Old Man Logan’s had a hard life. Does it prepare him for his battle with the Shadow King?
Since he emerged in the 616 universe in the wake of Secret Wars, it’s felt like everyone (short of Jeff Lemire really) has forgotten just how traumatic Old Man Logan’s backstory is. I mean, the dude effectively murdered all of his friends, saw his family devoured by inbred monsters — that’s some haunting stuff you don’t just shake off, even with a healing factor. It’s why his role as the quippy grandpa in X-Men: Gold doesn’t work. Just because he’s in a new dimension where all of his friends are still alive doesn’t erase the memories of the things he’s done. Fortunately for readers, Astonishing X-Men‘s Charles Soule read the original story and writes Logan like a man justifiably tortured by his past without devolving the character into some kind of laughable caricature. It’s Riggs in Lethal Weapon here, not Riggs from (shudder) Lethal Weapon 3.
Though most of the Astonishing team is still trapped on the astral plane, this issue is all about Wolverine, and the book is so much the better for it. Soule uses this opportunity to give readers a better understanding of who this version of Logan really is, painting a picture of a man haunted by loss but driven by will. The machinations of the Shadow King are making the X-Men confront their own pasts, and, naturally, Logan’s is a doozy. Yet, given the fact that the man has faced so much trauma over his long life (He’s got to be upwards of like 150 right?) and buried his past in order to keep himself from succumbing to despair multiple times over, Logan is uniquely suited toward this conflict. He continually shrugs off the ghosts of past failures – from his first love Rose, to murderous sentinels to the Hulk gang killing his family – in a single-minded pursuit of the Shadow King. See, this version of Logan was once trapped on the astral plane for 20 years, during which time he managed to kill his reality’s version of Farouk, so he knows how to see through these illusions…for the most part.
The interesting kink in the story comes when the specter of Charles Xavier approaches Logan to try and concoct a plan against the Shadow King. At first, our hero doesn’t believe that what he’s seeing is actually Xavier (If you ask me, it isn’t – but I’ll touch on that in a bit), but eventually he finds that this is an apparition he can’t just shrug off. For his part, Xavier is disguising this conversation from the Shadow King as a battle with Mr. Sinister. Things eventually come to blows between Xavier and Wolverine, and while we think things are all copacetic and that the seeds for the downfall of Amahl Farouk have been laid, the final panel reveals that Old Man Logan is now seemingly under control of the Shadow King in the real world. This is a fun twist because it leaves readers with a lot of questions about the nature of the Xavier we’ve been seeing for the past several issues.
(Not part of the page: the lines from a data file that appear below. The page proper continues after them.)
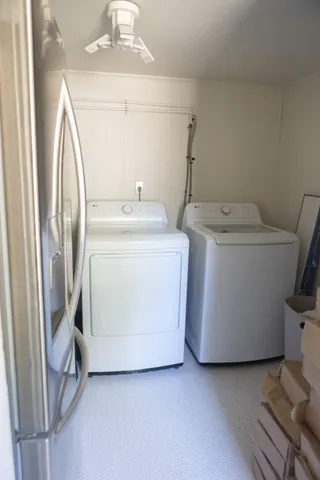 $315,000 | 123 Millburn Avenue, Goose Creek, SC 29445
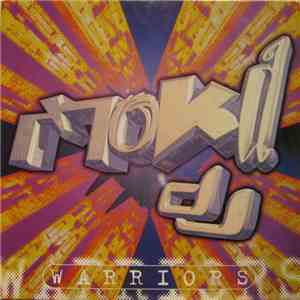 Moka DJ - Warriors download flac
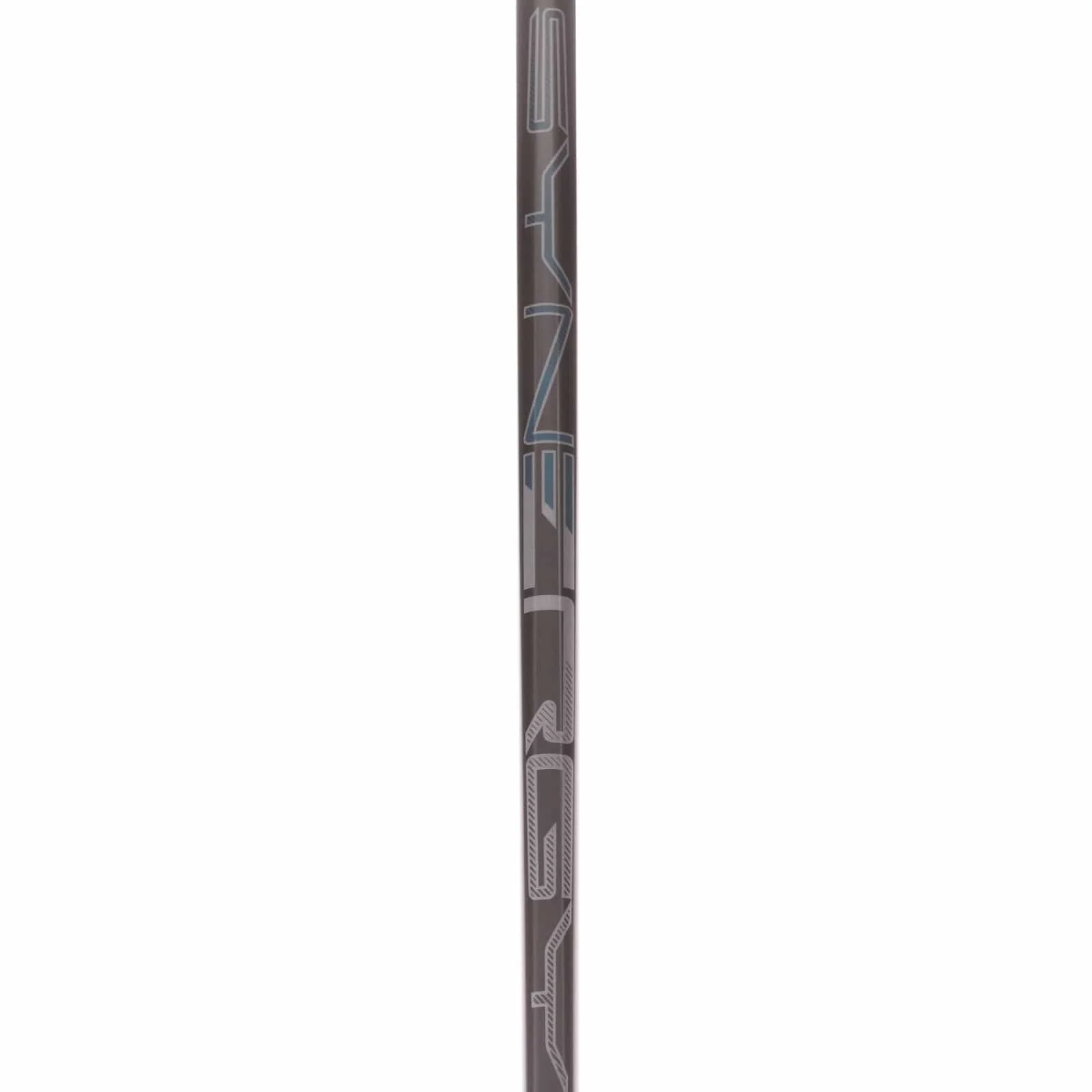 Aldila Regular - SYNERGY 60 - Driver Shaft .335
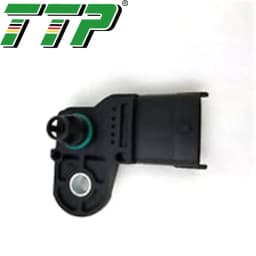 22329559 Replaceable Intake Air Temperature Boost Pressure Sensor For Volvo Truck D11 D13 D16 Engine 21385453 21097978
My own crackpot theory is that this Xavier is a facet of the Shadow King’s essence that is at war with the Farouk personality. This would explain the game being played between the two, Xavier’s secrecy in dealing with Logan and Wolverine’s actions in the real world upon waking up.
There is a small B-story following Psylocke, Bishop and Angel’s efforts to prevent the UK’s answer to the MRD from disrupting their psy-op. We almost see Warren revert to his Archangel persona when he’s accosted while attempting to parlay, but he manages to calm things down and avert disaster. Of course, the possessed Logan kills one of the human operatives as soon as he wakes up, so it looks like things are going to get dicey in the physical world even as they continue to devolve on the astral plane.
If there’s a high point in the book it’s the art. This month, we get work from superstar penciler Ed McGuinness and it’s a welcome change to the series. McGuinness has always been a favorite of mine, and his unique east-meets-west style is perfect for an action-heavy superhero book. His Logan is top notch, as is his Xavier, and his penchant for gritted teeth and tough guy grimaces makes the tense scenes more palpable and fun. There are some issues, however, with his Amahl Farouk lacking some definition and there’s one panel around page 20 where McGuinness contorts Logan’s face into this weird half smile where you can see all the muscles in his head flexing simultaneously. Still, this is top notch work from a major artist, and it makes this the strongest issue in the series thus far.